The 185,000-bpd refinery of Monroe Energy in Trainer, Pennsylvania ran out of oil due to shipment delays caused by hurricane activity in the Caribbean, shipping data and a source close to the company, as quoted by Reuters, revealed.
The shipment that caused the idling of several units at the facility was the VLCC C. Innovator, carrying West African crude, which encountered rough waters that hurricanes Maria and Jose caused. The vessel loaded in Nigeria on September 4, and 19 days later was anchored at the mouth of the Delaware River, off the Pennsylvania coast.
Kpler data confirmed the location of the vessel, adding that it carries 1.6 million barrels of crude. The Paris-based data provider also said that the VLCC’s presence at the Big Stone anchorage, where cargo is transferred from larger to smaller vessels, is causing a headache. The place has been quite busy in the last few days, and a VLCC’s presence among the vessels is not helping other vessels reach the coast.
Reuters notes in its report on the event that VLCCs cannot unload its cargo directly at a refinery on the East Coast and it can’t unload at most U.S. ports due to their size.
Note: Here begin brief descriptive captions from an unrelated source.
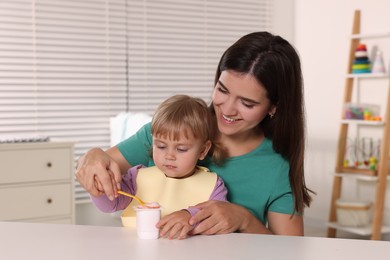 Mother feeding her cute little child with yogurt at white table in room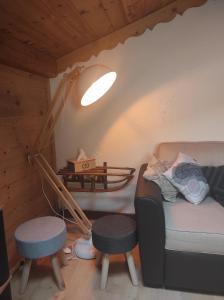 - un salon avec une lampe, un canapé et un tabouret dans l'établissement Le chalet de Bernoline vaste appartement tout confort, à Beaufort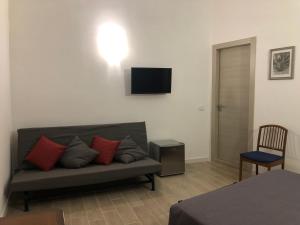 a living room with a couch and a tv on the wall at Kalé Atenea in Agrigento
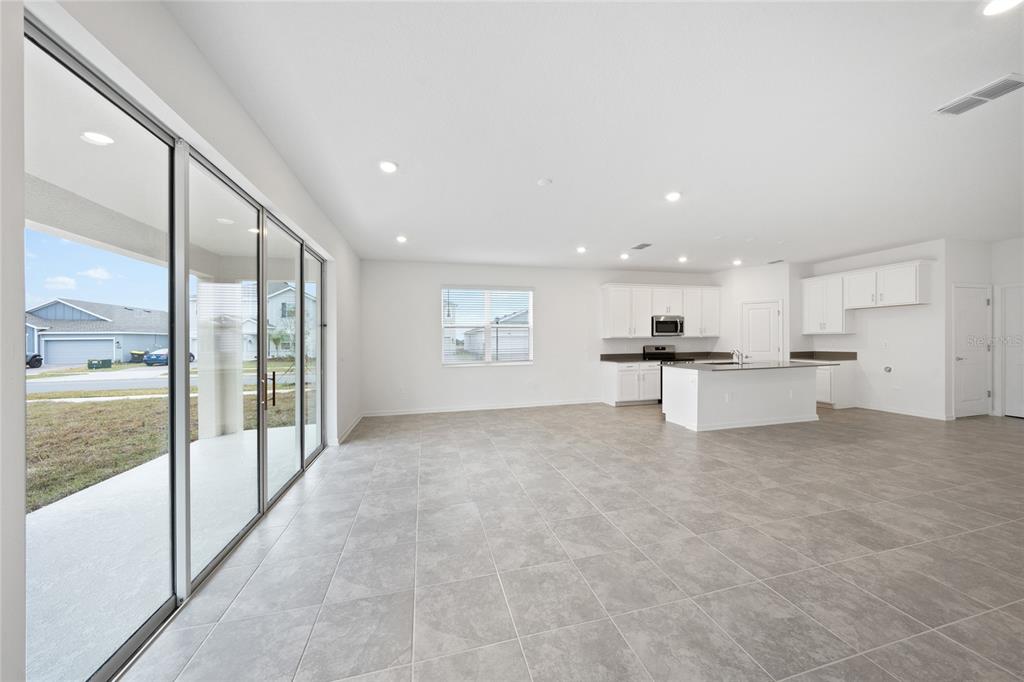 6061 Shavasana Road Clermont, FL 34714 - Photo 10 of 33 a view of kitchen with stainless steel appliances refrigerator oven and cabinets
Instead, they are anchored in deep waters and the oil is first transferred to smaller vessels that then take it to shore.
Hurricane Maria is currently moving up the U.S. Atlantic Coast, and forecasts indicate that it will be downgraded to a tropical storm before it reaches the North Carolina coast. From there, the hurricane is expected to head east, reaching the UK coast during the weekend, along with another hurricane, Lee. At its height, Maria devastated Puerto Rico.
The worst hurricane this season to hit the U.S. coast was Harvey, which shut down about a fifth of national refining capacity, causing major buildups in crude oil inventories. The shutdowns came a few weeks before many refineries were scheduled to enter maintenance, and some were forced to do so as they had delayed regular maintenance work for weeks and even months, Bloomberg reported last week.
There were, as of September 19, at least 13 refineries that have delayed maintenance, and their combined capacity is 3.27 million bps, so we may expect further inventory builds, despite yesterday’s API estimate, which said crude oil inventories had declined by 761,000 barrels.